-“House of Debt,” by Atif Mian and Amir Sufi, which I bought through Amazon following the recommendation by Nacho González. The book argues that the global economic and financial crisis has been caused by excess debt, and that this dangerously reduces consumption and aggregate demand. The solution is a financial system that is less dependent on debt and more on equity-like instruments that share risk, along the lines of the recommendations of Robert Shiller.
-“Funding the Nation,” by Irish historian Michael Keyes, which I bought in Dublin last week. This is a book about how successful political movements, such as Irish nationalism in the XIX and XX centuries, need financial resources, and how these, in the case of Ireland, were found in Catholic parishes and among Irish-American exiles. It is the story of how financing was key, and how funds were obtained and sometimes misappropriated.
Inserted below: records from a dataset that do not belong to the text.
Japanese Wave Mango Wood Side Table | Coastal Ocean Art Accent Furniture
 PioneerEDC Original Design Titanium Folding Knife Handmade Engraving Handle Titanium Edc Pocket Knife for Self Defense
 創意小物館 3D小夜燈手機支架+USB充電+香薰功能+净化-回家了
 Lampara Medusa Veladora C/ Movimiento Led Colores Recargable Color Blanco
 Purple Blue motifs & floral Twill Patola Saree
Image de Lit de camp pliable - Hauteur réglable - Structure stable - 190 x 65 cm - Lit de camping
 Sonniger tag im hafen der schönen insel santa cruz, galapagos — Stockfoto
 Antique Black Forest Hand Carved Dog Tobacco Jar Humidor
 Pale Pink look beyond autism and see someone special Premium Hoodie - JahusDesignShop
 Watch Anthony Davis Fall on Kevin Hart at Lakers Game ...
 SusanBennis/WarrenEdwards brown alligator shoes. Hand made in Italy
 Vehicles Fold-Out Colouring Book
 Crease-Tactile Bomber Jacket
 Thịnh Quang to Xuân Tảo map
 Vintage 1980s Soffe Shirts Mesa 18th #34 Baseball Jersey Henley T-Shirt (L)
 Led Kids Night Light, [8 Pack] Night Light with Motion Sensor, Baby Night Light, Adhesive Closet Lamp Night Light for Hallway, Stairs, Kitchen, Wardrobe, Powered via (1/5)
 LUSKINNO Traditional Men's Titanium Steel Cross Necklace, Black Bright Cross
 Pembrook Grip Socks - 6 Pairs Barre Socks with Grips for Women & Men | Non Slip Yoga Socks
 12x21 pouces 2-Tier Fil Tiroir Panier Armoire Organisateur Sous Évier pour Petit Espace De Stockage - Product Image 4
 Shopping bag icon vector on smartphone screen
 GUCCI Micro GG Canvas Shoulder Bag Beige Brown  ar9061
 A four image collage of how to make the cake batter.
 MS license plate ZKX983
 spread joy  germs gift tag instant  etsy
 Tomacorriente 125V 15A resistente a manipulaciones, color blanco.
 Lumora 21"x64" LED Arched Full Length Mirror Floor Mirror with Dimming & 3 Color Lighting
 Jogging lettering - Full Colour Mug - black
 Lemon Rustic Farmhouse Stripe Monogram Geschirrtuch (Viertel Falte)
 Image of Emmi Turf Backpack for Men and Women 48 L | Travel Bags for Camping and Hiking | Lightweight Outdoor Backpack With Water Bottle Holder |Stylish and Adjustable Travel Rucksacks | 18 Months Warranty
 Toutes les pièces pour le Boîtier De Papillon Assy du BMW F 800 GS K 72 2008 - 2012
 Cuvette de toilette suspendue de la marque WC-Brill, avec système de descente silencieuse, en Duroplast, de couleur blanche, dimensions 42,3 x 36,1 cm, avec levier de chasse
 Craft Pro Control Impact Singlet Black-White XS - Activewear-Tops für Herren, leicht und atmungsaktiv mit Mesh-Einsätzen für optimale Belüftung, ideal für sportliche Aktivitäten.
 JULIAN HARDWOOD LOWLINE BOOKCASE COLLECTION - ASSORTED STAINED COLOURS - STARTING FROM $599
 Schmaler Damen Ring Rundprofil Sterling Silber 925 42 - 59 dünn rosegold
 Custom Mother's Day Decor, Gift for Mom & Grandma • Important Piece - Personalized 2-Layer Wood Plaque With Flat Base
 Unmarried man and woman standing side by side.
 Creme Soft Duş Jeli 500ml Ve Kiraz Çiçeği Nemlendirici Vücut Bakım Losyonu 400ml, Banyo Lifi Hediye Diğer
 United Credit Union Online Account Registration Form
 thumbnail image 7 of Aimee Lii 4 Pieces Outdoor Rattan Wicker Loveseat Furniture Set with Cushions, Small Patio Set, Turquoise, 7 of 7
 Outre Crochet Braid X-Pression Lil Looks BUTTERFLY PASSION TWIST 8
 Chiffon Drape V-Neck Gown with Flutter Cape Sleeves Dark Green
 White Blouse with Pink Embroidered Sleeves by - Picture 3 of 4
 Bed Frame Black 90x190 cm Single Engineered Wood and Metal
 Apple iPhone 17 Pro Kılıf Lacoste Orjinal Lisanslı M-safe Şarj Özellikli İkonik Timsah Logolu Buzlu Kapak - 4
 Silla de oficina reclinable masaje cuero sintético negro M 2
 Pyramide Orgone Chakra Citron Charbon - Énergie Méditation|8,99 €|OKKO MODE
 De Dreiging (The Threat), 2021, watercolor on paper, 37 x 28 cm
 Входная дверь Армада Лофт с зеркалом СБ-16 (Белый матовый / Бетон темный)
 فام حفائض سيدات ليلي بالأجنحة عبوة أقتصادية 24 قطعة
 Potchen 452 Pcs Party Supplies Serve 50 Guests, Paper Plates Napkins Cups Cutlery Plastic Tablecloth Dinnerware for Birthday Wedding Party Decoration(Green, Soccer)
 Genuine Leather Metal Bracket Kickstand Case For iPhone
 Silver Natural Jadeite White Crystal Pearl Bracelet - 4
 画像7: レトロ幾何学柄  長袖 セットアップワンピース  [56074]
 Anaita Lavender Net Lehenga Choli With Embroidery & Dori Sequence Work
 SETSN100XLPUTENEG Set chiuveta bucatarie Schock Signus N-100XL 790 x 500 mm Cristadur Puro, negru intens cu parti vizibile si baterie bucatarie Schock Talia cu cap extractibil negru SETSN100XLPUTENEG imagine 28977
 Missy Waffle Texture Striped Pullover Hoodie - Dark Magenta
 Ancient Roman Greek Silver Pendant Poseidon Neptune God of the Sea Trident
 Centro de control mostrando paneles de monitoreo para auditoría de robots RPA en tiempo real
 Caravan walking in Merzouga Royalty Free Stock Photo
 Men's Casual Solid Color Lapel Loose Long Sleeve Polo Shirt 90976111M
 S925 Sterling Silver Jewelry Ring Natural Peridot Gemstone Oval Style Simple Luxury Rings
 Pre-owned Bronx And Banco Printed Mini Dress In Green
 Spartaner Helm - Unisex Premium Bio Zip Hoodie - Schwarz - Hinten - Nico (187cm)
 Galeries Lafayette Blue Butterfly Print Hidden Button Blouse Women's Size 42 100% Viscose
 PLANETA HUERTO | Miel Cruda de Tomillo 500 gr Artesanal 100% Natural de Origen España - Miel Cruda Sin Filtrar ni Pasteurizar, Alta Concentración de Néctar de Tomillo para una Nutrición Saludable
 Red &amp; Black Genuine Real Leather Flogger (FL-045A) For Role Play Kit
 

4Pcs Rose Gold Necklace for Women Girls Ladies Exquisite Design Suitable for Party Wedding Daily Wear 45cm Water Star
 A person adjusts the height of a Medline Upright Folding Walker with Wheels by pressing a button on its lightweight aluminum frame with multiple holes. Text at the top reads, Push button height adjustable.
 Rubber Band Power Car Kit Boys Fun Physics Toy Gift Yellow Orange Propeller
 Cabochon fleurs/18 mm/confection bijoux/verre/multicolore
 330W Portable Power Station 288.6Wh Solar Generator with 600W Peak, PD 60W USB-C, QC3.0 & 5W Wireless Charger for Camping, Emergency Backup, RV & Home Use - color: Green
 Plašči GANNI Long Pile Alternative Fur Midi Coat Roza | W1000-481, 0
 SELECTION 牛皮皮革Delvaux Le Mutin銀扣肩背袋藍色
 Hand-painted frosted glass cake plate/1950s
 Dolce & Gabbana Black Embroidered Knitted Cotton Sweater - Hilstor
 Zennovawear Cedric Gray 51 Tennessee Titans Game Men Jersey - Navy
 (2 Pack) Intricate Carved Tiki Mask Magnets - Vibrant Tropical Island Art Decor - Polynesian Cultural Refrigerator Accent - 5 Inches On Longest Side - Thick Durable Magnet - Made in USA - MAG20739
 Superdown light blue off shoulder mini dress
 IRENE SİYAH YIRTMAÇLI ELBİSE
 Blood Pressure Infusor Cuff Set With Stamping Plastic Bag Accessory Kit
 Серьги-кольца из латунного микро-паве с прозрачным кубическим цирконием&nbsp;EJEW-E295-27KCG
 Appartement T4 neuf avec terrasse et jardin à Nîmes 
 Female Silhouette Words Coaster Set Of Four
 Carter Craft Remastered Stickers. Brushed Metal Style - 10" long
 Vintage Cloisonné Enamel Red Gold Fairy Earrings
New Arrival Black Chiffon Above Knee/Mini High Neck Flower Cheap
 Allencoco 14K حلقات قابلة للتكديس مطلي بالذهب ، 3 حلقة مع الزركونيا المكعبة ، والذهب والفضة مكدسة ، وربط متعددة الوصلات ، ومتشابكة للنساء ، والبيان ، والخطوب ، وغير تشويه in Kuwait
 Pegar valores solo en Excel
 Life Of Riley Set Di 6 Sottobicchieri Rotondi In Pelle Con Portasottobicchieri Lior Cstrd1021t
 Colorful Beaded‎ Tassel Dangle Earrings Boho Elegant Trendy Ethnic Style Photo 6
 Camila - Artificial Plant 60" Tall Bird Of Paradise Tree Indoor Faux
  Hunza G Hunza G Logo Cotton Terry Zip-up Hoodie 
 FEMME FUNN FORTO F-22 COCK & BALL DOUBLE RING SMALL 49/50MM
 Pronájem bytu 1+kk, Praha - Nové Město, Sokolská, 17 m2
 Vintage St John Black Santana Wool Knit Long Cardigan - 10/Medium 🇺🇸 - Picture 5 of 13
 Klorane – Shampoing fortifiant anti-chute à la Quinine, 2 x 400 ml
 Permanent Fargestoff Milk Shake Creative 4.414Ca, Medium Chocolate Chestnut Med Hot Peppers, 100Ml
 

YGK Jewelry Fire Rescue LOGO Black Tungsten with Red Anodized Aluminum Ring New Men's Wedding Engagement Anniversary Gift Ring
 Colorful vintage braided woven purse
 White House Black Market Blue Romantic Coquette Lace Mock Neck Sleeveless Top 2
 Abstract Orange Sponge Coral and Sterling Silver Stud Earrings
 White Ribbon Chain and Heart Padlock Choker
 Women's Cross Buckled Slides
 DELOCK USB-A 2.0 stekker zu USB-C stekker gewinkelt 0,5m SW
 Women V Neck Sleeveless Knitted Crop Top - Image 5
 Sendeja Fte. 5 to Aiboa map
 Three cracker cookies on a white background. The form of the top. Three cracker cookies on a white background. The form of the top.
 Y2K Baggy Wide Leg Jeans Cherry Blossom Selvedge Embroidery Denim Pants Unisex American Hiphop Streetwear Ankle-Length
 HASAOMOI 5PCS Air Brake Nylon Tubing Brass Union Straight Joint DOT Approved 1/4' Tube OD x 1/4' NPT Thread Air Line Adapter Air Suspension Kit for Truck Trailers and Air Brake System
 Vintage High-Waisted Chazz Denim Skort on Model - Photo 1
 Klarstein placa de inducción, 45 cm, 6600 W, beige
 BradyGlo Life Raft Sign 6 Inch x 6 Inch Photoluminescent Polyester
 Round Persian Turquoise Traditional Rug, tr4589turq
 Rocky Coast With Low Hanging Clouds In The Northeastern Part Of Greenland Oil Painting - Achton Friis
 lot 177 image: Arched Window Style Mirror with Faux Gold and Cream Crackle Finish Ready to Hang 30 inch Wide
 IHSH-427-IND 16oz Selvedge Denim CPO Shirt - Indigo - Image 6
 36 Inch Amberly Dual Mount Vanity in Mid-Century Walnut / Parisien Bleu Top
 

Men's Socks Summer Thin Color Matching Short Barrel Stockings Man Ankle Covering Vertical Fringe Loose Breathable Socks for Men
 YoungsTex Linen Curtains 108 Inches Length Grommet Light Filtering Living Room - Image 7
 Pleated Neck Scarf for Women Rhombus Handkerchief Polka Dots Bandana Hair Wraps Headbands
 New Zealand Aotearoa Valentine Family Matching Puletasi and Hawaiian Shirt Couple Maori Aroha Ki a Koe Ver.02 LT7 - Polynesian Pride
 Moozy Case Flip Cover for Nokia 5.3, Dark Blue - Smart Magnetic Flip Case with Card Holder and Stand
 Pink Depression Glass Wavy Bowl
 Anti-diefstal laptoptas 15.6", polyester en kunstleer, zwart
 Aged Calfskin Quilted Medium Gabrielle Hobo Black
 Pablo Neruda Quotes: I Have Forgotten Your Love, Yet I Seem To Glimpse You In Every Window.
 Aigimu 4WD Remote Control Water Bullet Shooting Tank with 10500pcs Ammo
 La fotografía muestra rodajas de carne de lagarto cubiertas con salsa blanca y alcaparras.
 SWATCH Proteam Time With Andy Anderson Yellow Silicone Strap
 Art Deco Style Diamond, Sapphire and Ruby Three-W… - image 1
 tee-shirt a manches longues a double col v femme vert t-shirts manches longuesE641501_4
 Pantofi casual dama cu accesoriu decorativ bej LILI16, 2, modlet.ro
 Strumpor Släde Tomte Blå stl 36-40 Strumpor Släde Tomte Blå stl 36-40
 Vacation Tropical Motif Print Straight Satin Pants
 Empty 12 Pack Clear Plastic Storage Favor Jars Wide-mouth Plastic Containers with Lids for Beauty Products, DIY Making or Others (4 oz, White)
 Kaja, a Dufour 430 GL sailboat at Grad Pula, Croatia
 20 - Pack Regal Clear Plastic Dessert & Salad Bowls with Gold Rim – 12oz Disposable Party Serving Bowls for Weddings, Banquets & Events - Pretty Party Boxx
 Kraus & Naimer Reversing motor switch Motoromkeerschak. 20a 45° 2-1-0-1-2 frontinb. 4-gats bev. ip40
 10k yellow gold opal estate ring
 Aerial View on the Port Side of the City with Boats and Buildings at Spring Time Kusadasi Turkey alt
And two books that I bought yesterday in the book-shop of Barcelona’s science museum (“Cosmocaixa”), and that are representative of new frontiers of research –I will probably treat my students experimentally with them this year:
-“Networks. A Very Short Introduction,” by Guido Caldarelli and Michele Catanzaro. This belongs to the “very short introduction” collection, which has short guides on pretty much everything by prestigious scientists and experts, with good bibliographies and references. The analysis of social dynamics in networks has important applications in economics, finance and politics.
-“Neuro. The New Brain Sciences and the Management of the Mind,” by Nikolas Rose and Joelle M. Abi-Rached. They survey the burgeoning research on neuro-sciences, critically discuss their social implications, and present their applications in social and other sciences.